Then go through the hassle of it finding my system as well as a neighbours. Once selecting my system and it’s working, Alexa and hey Sonos don’t work. Occasionally Alexa does, but mostly not. All I get is Sonos is having trouble connecting to your music provider. Oddly, the Sonos one Alexa works reasonably well, but sometimes plays something completely different to what you asked her to. 
 

I have the S2 app  it didn’t notice any difference is ease of operation. Not impressed by the sound quality either, hoped the Era 100 would be better but apparently not. 
 

Any help troubleshooting would be welcome.

I’m puzzled why you see your and your neighbour’s system. Are they on the same network?
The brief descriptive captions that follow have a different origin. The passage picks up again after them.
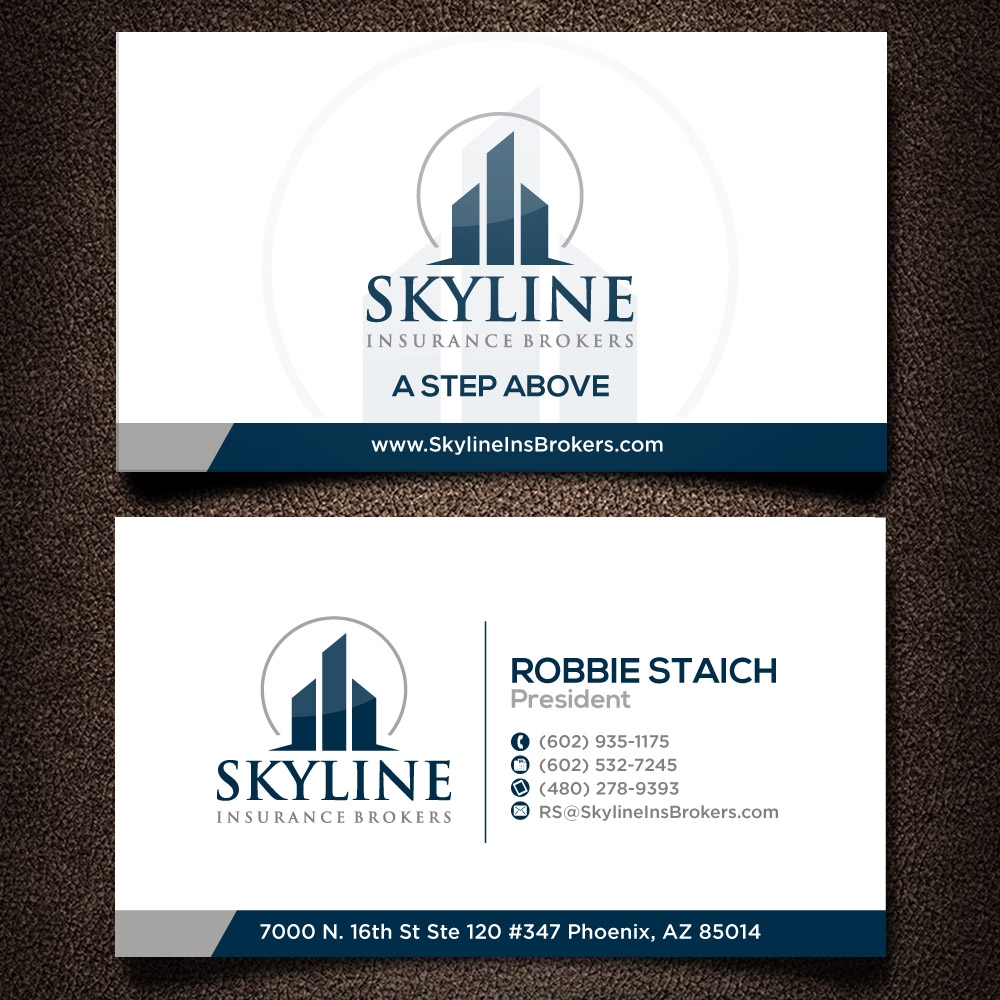 Skyline Insurance Brokers logo design by scriotx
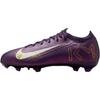 Nike Zoom Mercurial Vapor 16 Pro FG Grade School 'Grand Purple' (Unisex) Grand Purple / Pale Ivory Kids' Soccer Shoes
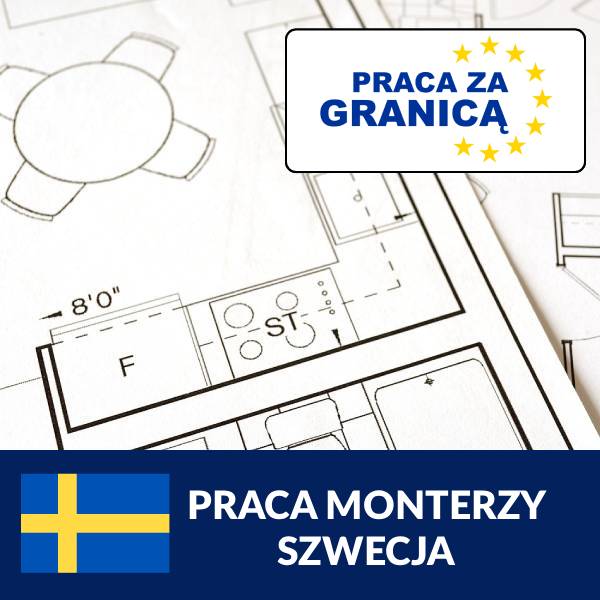 Praca monterzy Szwecja=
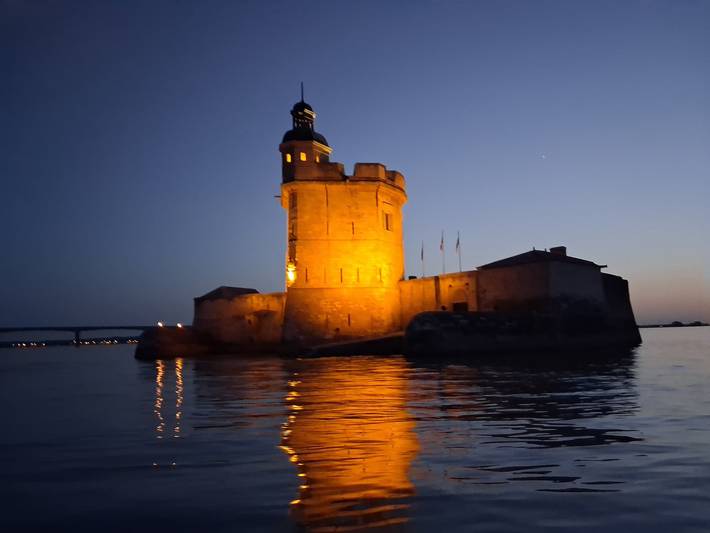 Bed & Breakfast 'Chambres D'hôtes La Marouette 1' mit Gemeinschaftsterrasse und Wlan in Hiers-Brouage, Côte de Beauté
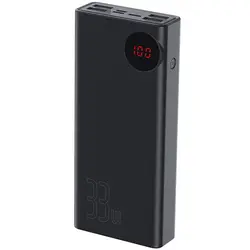 شارژر همراه باسئوس مدل BASEUS PPMY-01 ظرفیت 30000 میلی آمپر ساعت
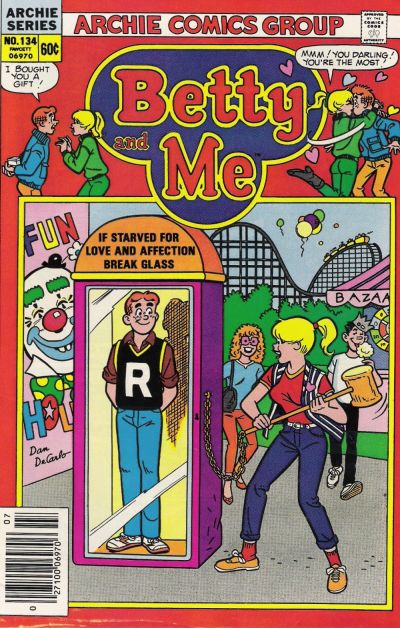 Betty and Me #134 (1983)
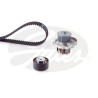 Bomba de água + kit de correia dentada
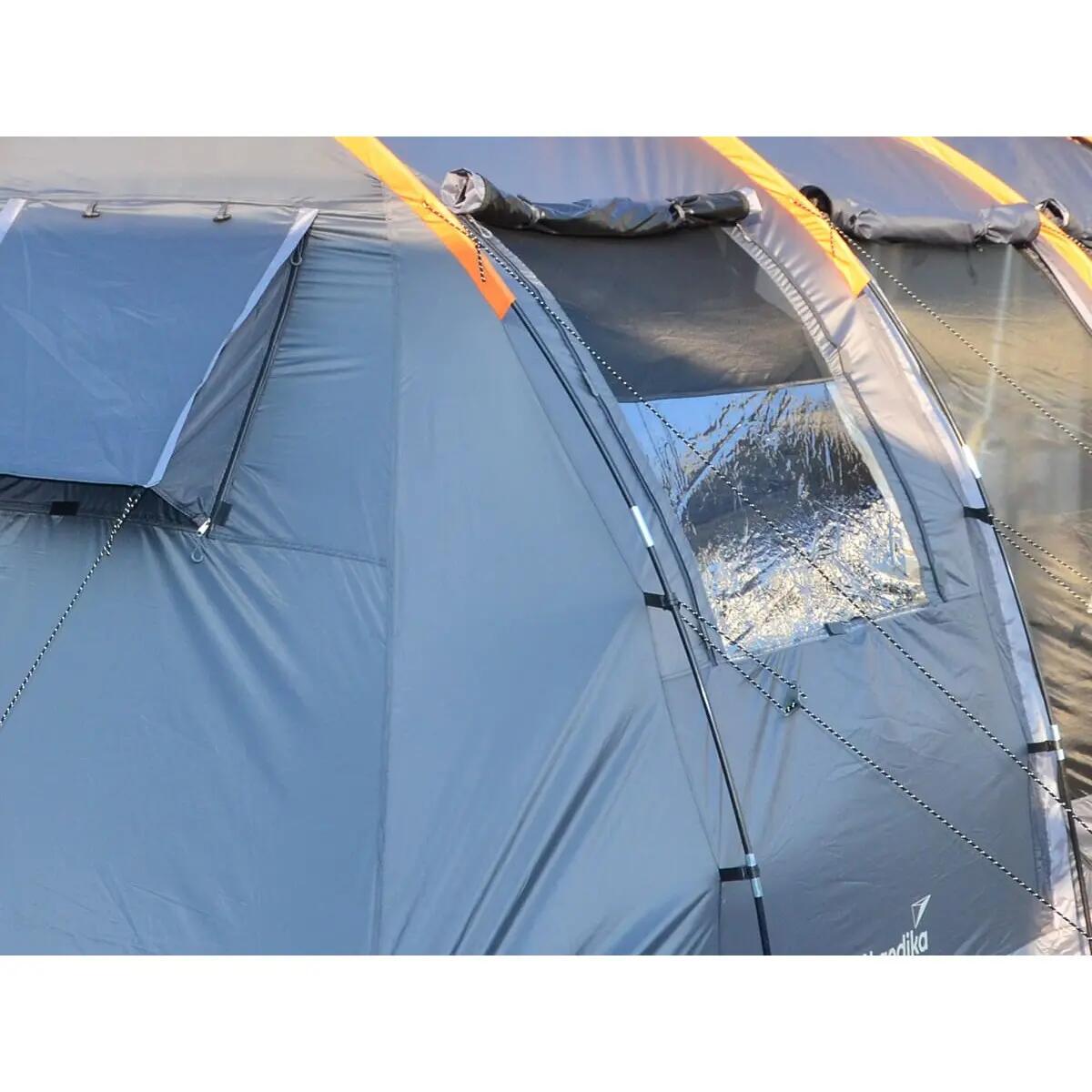 Seconde vie - Tente tunnel Gotland 5 Sleeper Protect - 5 pers, cabine noire 5/15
Many issues for folk here have been resolved with a router and speakers shutdown, a few minutes wait and then a phased restart. Get the router going first and wait till the wifi is up and running. Then restart speakers one at a time. It’s a good idea at this stage to set reserved ip addresses - if you don’t know how someone here can probably talk you through it. 
Try this first and see how it goes. 


My neighbours are not on the same network, unless they have hacked into it! Thanks for the suggestion, I’ll look into your process at the weekend, but I still find it very annoying in this plug and play generation, Sonos don’t/can’t! 
 

 


My neighbours are not on the same network, unless they have hacked into it! Thanks for the suggestion, I’ll look into your process at the weekend, but I still find it very annoying in this plug and play generation, Sonos don’t/can’t! 
 

 

Not sure why you are seeing their system then. 
By the way, hopefully we can improve the usefulness of your system, rather than its uselessness!
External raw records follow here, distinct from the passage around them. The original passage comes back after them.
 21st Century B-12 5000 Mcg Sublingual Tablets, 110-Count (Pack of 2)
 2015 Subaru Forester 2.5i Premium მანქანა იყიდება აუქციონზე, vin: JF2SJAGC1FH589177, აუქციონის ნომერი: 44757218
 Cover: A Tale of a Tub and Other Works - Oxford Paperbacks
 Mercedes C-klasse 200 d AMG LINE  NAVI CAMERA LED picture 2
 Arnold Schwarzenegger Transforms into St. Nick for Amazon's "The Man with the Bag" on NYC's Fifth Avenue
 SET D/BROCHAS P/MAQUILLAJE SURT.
Indeed, as long as your controller is connected to your WiFi, and not your neighbors, you should only be seeing your own Sonos system. Unless, of course, your neighbor has set up their Sonos system on your WiFi signal. 

I’d certainly encourage you to add a password to your WiFi. And make sure your controller device isn’t connecting to their WiFi. 
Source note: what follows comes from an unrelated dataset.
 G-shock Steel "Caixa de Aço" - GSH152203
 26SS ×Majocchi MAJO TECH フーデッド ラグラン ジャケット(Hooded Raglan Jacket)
My WiFi is password protected, although it may be time to change it and see what the result is. Thanks.


If you can see your neighbor’s Sonos while on your WiFi, or he can see yours, it’s absolutely time to change passwords.

The Sonos controller must be on the same subnet as the speakers are. That means, if you or anyone else can see/control multiple systems, the Sonos systems are on your WiFi.